▶ **Aim of the exercise**: Your output should consist solely of the lines from the one with "this 522×783 image." through the end of the records, reproduced exactly, both ends included.

*** Records for the task ***

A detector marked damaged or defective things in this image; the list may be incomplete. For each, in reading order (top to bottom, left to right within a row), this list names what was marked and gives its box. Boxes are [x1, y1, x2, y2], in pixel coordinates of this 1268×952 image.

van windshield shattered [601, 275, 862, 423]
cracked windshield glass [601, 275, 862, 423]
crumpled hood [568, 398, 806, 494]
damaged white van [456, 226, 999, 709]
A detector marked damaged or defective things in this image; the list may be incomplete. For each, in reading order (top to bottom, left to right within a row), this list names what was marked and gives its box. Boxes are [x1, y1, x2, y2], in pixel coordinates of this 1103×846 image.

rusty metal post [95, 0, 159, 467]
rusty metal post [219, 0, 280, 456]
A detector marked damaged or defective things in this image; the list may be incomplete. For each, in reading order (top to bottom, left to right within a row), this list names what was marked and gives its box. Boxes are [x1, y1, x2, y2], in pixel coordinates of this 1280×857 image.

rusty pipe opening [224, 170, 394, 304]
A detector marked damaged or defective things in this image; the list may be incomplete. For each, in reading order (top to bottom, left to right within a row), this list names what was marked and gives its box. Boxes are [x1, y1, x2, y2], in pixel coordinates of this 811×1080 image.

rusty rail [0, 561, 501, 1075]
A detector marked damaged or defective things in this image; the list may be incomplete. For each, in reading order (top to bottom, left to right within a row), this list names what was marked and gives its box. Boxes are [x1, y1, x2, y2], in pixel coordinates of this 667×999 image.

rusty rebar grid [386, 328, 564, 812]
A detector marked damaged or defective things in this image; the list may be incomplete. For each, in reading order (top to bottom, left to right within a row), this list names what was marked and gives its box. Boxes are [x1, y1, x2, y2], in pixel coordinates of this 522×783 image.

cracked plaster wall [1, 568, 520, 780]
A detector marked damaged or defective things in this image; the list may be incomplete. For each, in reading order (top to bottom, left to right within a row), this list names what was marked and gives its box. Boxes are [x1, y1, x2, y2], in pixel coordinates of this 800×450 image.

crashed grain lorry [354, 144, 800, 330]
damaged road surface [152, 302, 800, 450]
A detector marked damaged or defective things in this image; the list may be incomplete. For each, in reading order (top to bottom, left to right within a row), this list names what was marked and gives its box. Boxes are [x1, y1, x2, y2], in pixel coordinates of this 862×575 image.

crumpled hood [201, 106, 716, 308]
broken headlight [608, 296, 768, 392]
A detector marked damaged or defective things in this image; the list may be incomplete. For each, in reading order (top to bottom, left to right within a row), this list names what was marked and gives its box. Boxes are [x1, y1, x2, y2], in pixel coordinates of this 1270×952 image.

*** End of Records for the task ***

▶ **Reply to the exercise**:
A detector marked damaged or defective things in this image; the list may be incomplete. For each, in reading order (top to bottom, left to right within a row), this list names what was marked and gives its box. Boxes are [x1, y1, x2, y2], in pixel coordinates of this 522×783 image.

cracked plaster wall [1, 568, 520, 780]
A detector marked damaged or defective things in this image; the list may be incomplete. For each, in reading order (top to bottom, left to right within a row), this list names what was marked and gives its box. Boxes are [x1, y1, x2, y2], in pixel coordinates of this 800×450 image.

crashed grain lorry [354, 144, 800, 330]
damaged road surface [152, 302, 800, 450]
A detector marked damaged or defective things in this image; the list may be incomplete. For each, in reading order (top to bottom, left to right within a row), this list names what was marked and gives its box. Boxes are [x1, y1, x2, y2], in pixel coordinates of this 862×575 image.

crumpled hood [201, 106, 716, 308]
broken headlight [608, 296, 768, 392]
A detector marked damaged or defective things in this image; the list may be incomplete. For each, in reading order (top to bottom, left to right within a row), this list names what was marked and gives its box. Boxes are [x1, y1, x2, y2], in pixel coordinates of this 1270×952 image.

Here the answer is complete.